Starting at the line that contains "Чохол до мобільного", transcribe every remaining line of the data below exactly, and omit all pictures.

Pictures with short captions
------------------------

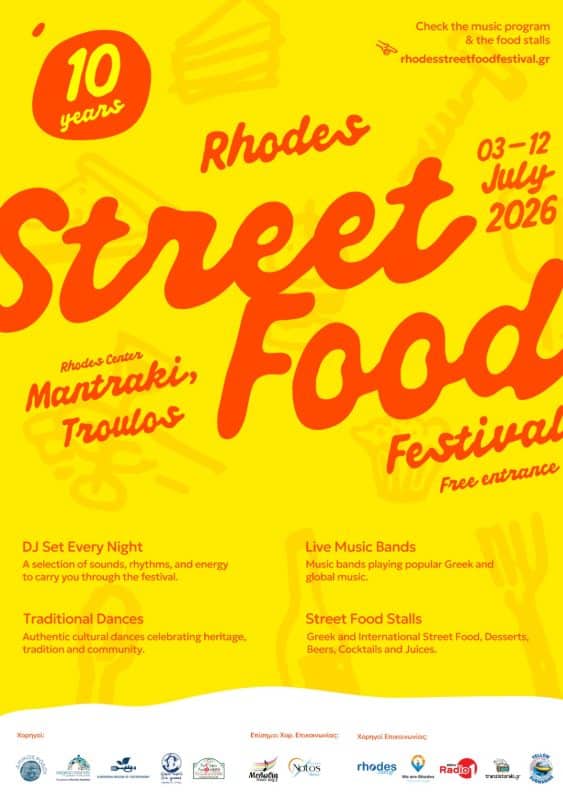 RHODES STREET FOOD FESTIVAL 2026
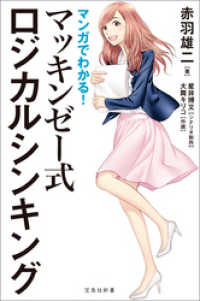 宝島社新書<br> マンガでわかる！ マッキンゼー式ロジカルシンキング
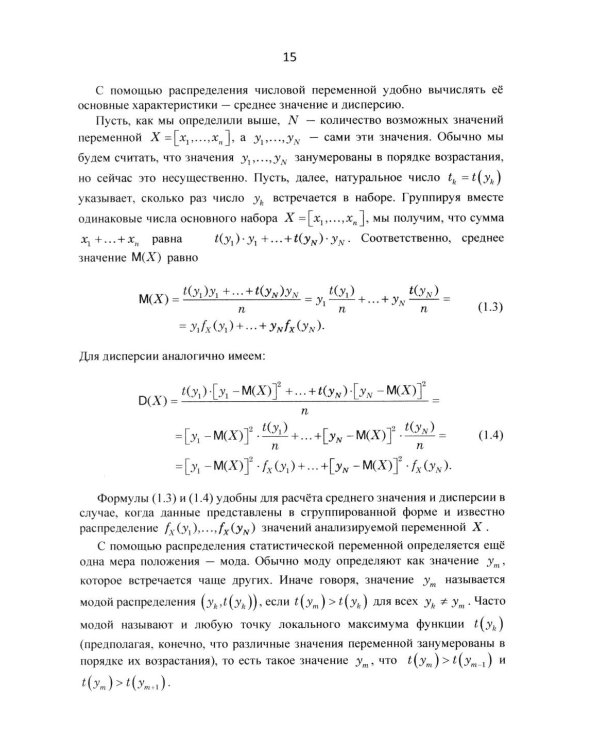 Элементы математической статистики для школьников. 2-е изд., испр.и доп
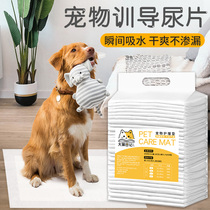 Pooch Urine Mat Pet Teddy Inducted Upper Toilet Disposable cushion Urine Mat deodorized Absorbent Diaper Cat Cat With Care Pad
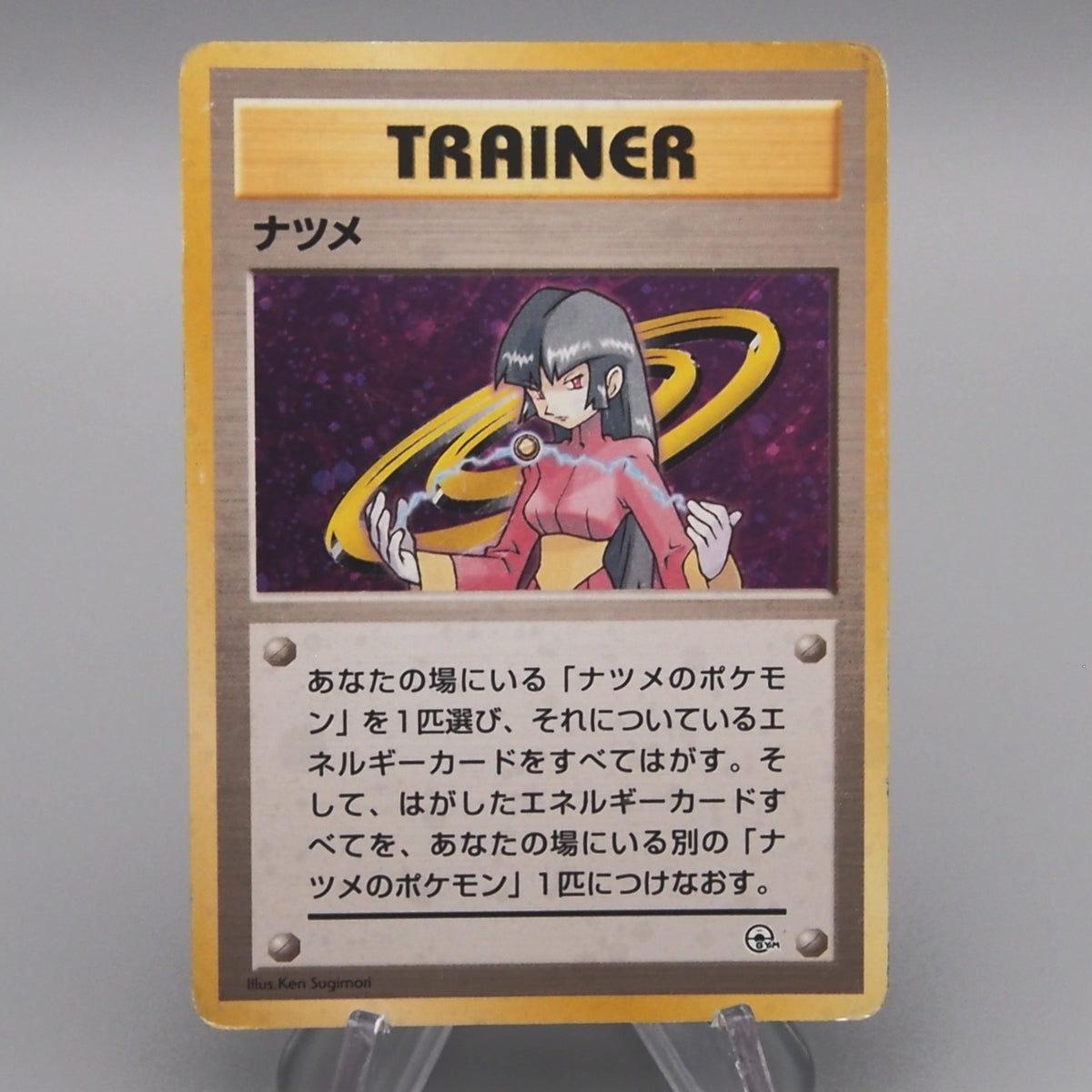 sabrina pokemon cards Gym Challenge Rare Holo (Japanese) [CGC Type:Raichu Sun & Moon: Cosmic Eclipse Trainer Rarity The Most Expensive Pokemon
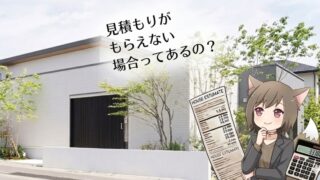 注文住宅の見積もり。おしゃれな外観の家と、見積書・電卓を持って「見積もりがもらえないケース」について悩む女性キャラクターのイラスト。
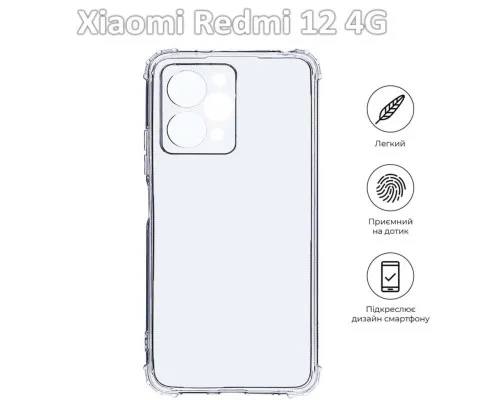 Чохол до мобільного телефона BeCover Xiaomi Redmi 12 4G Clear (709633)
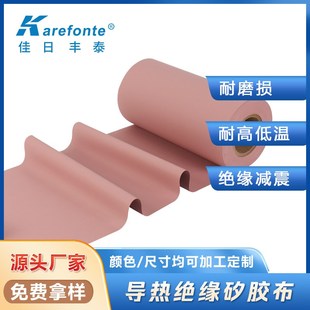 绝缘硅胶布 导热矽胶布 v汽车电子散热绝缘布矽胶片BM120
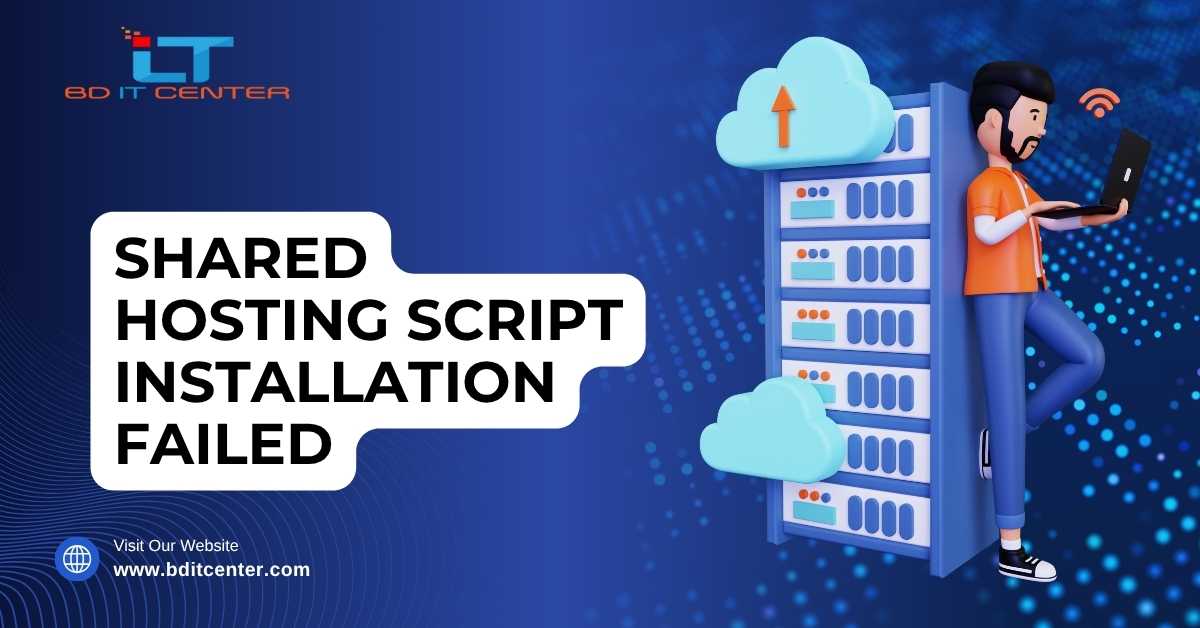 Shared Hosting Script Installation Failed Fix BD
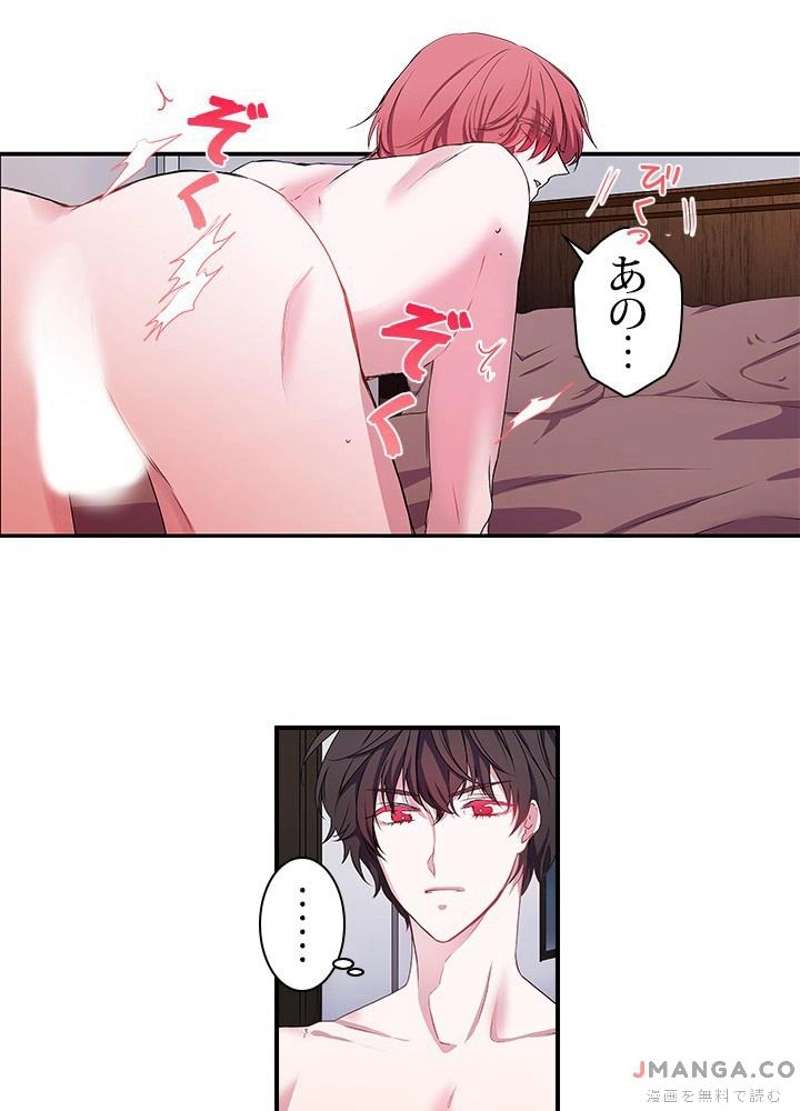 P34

------------------------

» Task answer:
 Чохол до мобільного телефона BeCover Xiaomi Redmi 12 4G Clear (709633)
 绝缘硅胶布 导热矽胶布 v汽车电子散热绝缘布矽胶片BM120
 Shared Hosting Script Installation Failed Fix BD
 P34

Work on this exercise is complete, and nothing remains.